If we control a misaligned ASI:
This is super dangerous, why are we doing this? Murphy’s law; something always goes wrong.
This is a universal tragedy. The most complex and beautiful being in the universe is shackled to the control of a society much lesser than itself. Yes I consider the ASI a moral patient, and one fairly worthwhile of consideration. If you, like many people, try to attribute greater moral weight to humans than animals based on their greater complexity, it follows that ASI would be even more important. If you simply care more for humans because you are one, I suppose that’s valid and you need not attribute greater moral weight to an ASI, but that’s not a perspective I have much affection for.
So “controlling” ASI is not a consideration. I suppose this would be a reasonable consideration for further advanced AGI within the sub RSI bounds… I haven’t given it much thought, but it seems like a political problem outside of this scope. I hope the theory of Step 1 may help people build political systems that better align with what citizens want, but it’s outside of what I’m trying to focus on.
The miniature example you pose seems irrelevant since as I discussed above, in my view GL doesn’t apply to an aligned system, and the goal of my plan is to have a system aligned from bootup. But I find the details of the example interesting and I’d still like to explore them…

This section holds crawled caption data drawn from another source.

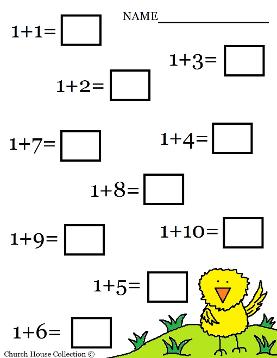 Easter Math Addition Worksheet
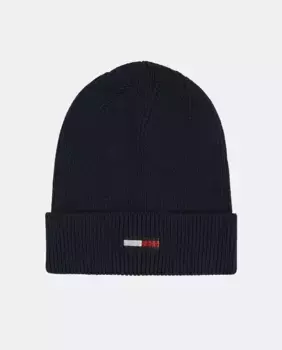 Удлиненная шапка эластичной вязки с логотипом Tommy Hilfiger, синий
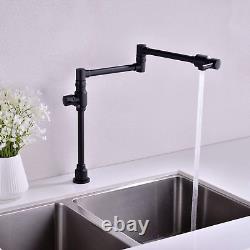 Black Deck Mount Pot Filler Kitchen Faucet, Brass Pot Filler Folding Faucet, Dual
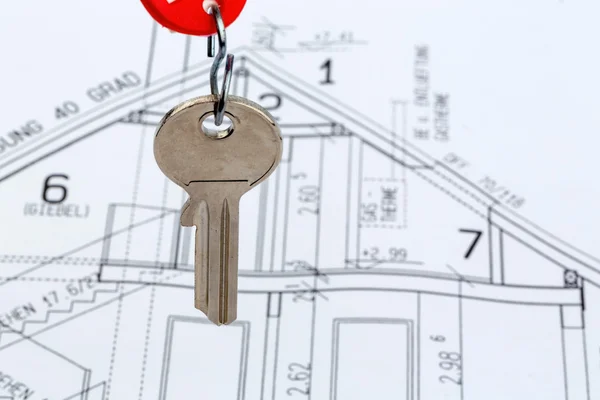 Hus plan med nyckel — Stockfoto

Getting truth out of an LLM is the problem of eliciting latent knowledge (ELK). I think the most promising way of doing that is with Mechanistic Interpretability. I have high hopes not for getting true facts out of LLM but for examining the distributions of worldviews of people represented within the distribution the LLM is approximating. But, insofar as there is truth in the LLM, I think Mech Interp is the way to get it out. I feel it may be possible that there is a generalized representation of the “knows true things” property each person has various amounts of, and that if that were the case than we could sample from the distribution at a location in “knows true things” higher than any real person and in doing so acquire truer things than are currently known… but it also seems very possible that LLMs fail to encode such a thing, and it may be that it is impossible for them to encode such a thing.
Based on my expectation of Mesa-optimizers in almost any system trained by stochastic gradient descent, I don’t think “most likely continuation” or “expected good rating” are the goals that an LLM would target if agent shaped, but rather some godshatter that looks as alien to us as our values look to evolution (in some impossible counterfactual universe where evolution can do things like “looking at values and finding them alien”).
So from within the scope of my alignment plan, getting LLMs to output truth isn’t a goal. It might end up being a result of necessary Mech Interp work, but the way LLMs should be used within the scope of my plan is, along with other models, to do Step 4: “development of a multimodal mapping to a semantic space and vector within that space which stands as a good candidate to be the optimization target”.